### TASK INPUTS
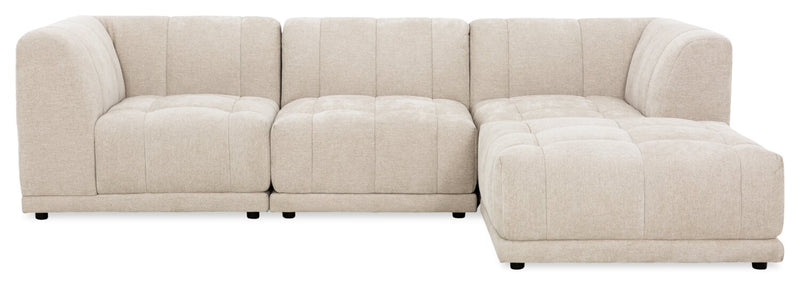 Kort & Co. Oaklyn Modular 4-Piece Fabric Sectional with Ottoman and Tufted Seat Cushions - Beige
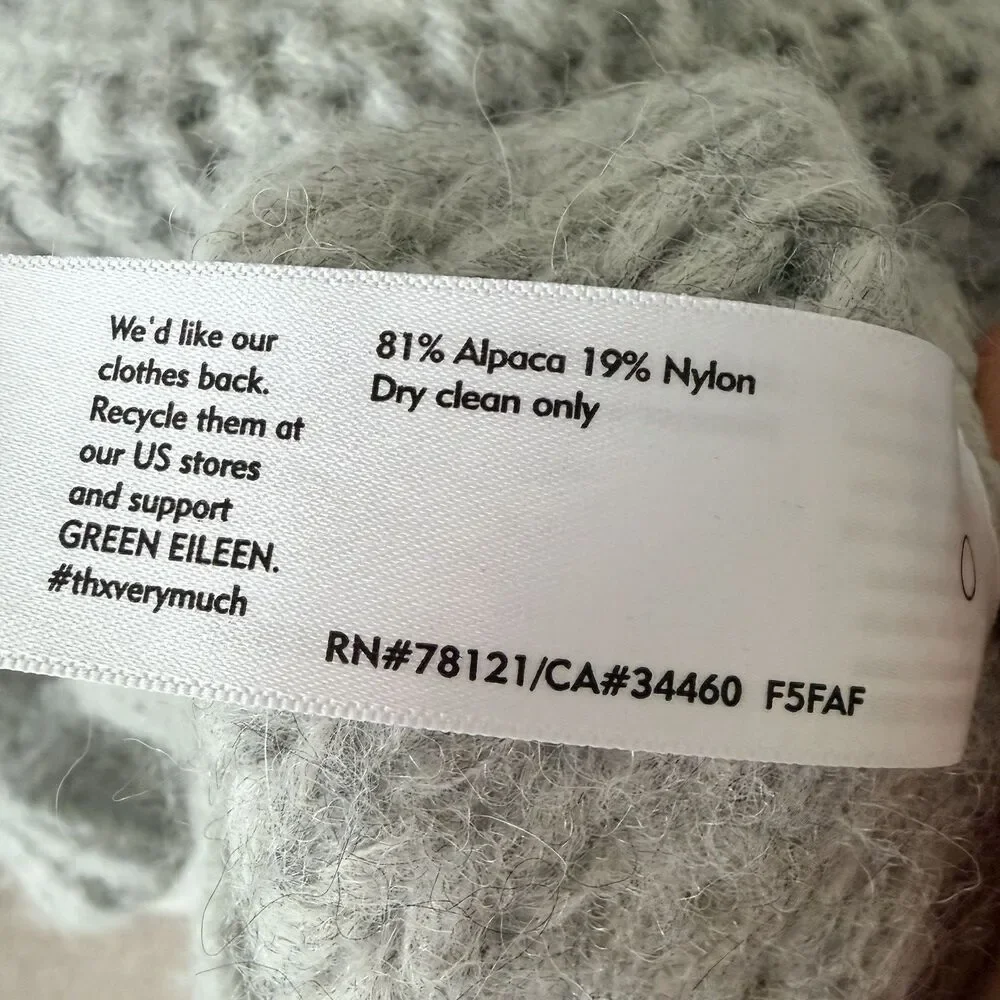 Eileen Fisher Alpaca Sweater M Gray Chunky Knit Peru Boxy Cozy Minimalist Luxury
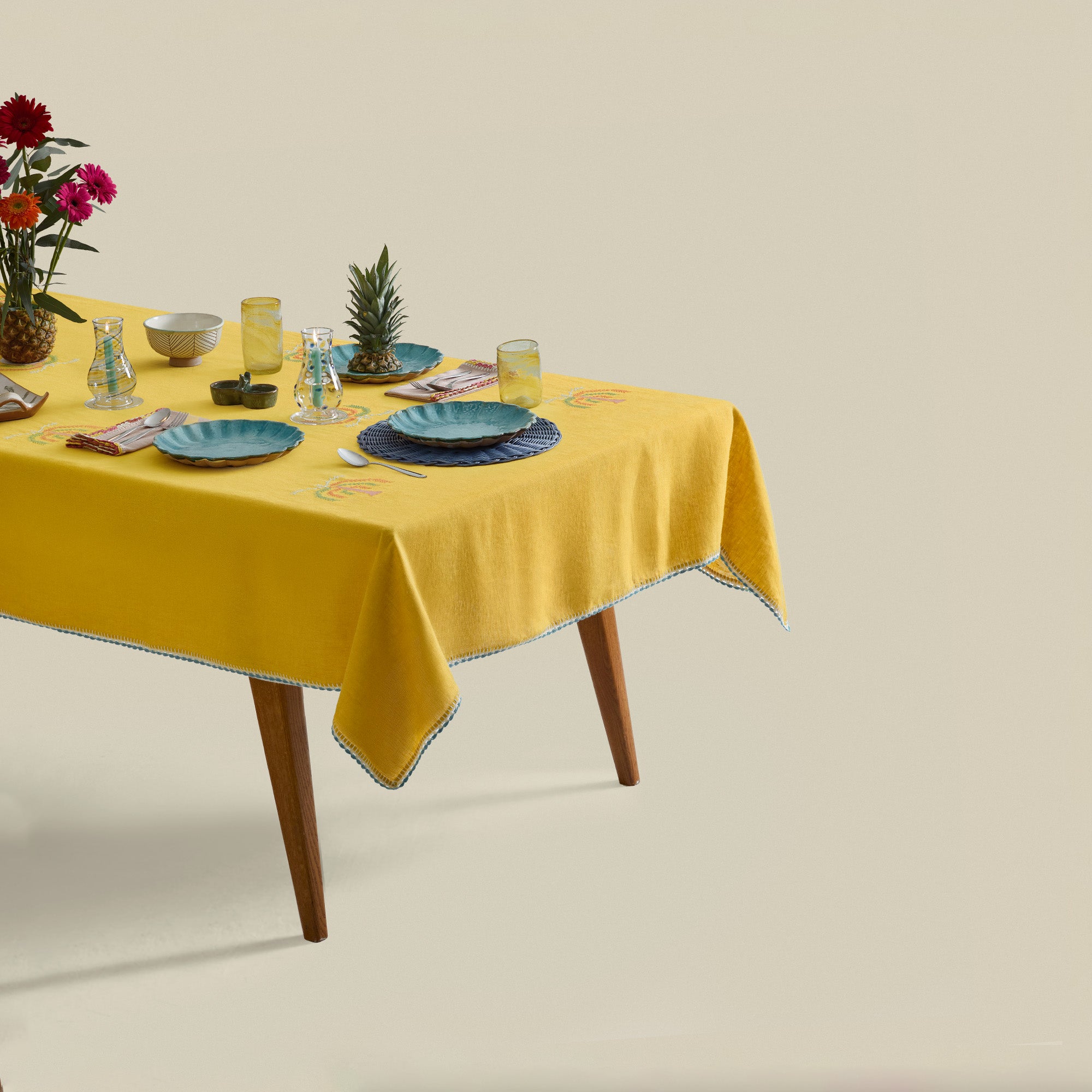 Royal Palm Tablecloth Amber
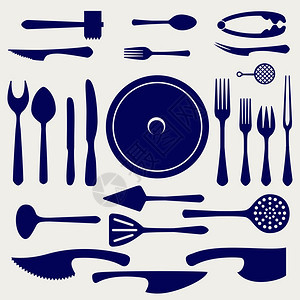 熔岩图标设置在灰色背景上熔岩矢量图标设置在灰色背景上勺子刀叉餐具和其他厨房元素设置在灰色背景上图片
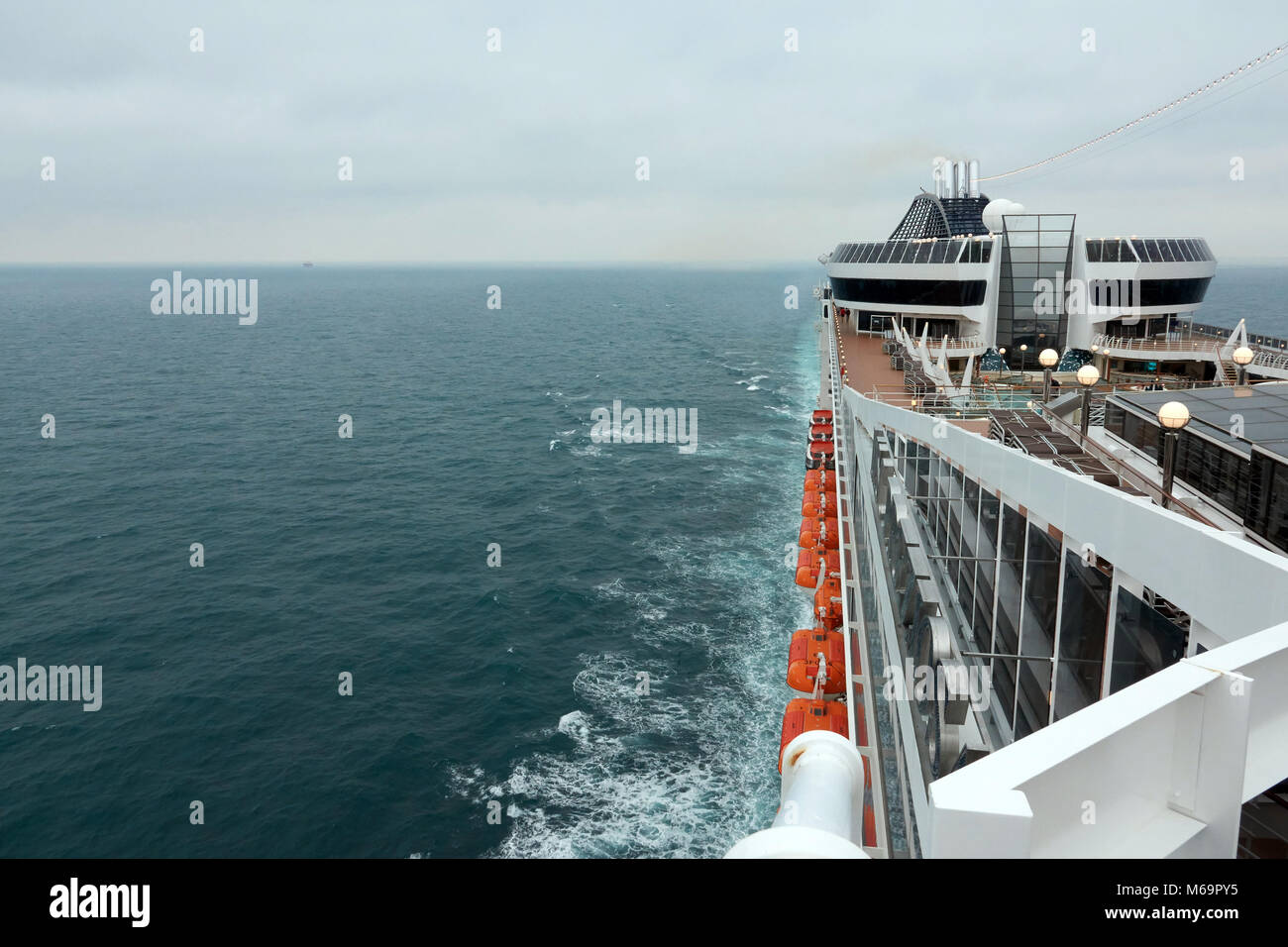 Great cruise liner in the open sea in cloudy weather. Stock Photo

...

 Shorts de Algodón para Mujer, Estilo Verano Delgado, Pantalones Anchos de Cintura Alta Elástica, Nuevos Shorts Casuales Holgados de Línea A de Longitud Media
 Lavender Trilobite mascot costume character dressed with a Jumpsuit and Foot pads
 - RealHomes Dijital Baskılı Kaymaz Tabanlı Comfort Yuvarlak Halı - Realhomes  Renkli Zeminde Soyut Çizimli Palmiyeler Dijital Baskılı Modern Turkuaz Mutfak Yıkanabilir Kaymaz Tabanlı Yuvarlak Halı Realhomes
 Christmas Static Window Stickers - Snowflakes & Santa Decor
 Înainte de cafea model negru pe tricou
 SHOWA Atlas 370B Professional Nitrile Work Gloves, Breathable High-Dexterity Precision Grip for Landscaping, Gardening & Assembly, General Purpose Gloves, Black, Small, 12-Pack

* * *

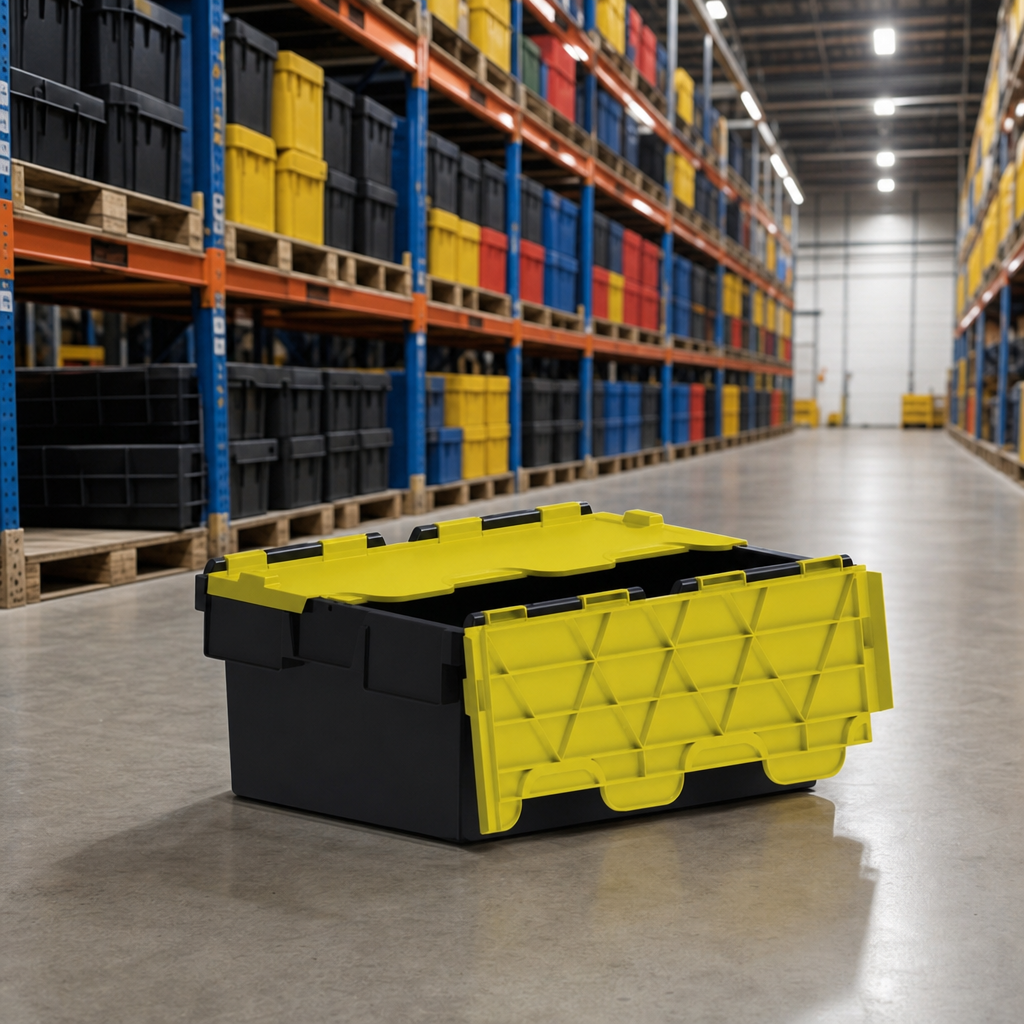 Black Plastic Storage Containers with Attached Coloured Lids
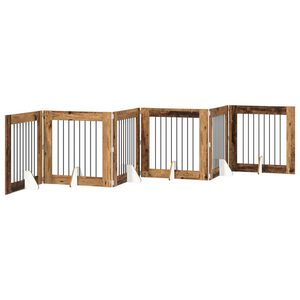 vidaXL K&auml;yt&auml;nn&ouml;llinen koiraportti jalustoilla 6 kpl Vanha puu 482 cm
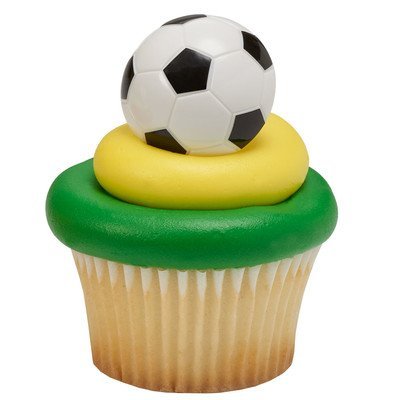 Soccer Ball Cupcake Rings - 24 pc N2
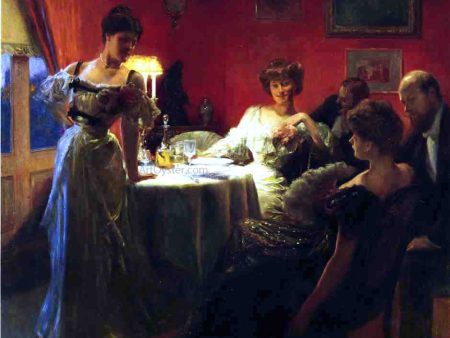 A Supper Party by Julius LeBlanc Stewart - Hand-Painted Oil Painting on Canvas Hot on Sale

### WORK TO BE COMPLETED
Your copy should hold only the lines above from the one containing "Black Plastic Storage" through the one containing "A Supper Party", exactly as written and free of pictures.

### ANSWER TO THIS TASK
 Black Plastic Storage Containers with Attached Coloured Lids
 vidaXL K&auml;yt&auml;nn&ouml;llinen koiraportti jalustoilla 6 kpl Vanha puu 482 cm
 Soccer Ball Cupcake Rings - 24 pc N2
 A Supper Party by Julius LeBlanc Stewart - Hand-Painted Oil Painting on Canvas Hot on Sale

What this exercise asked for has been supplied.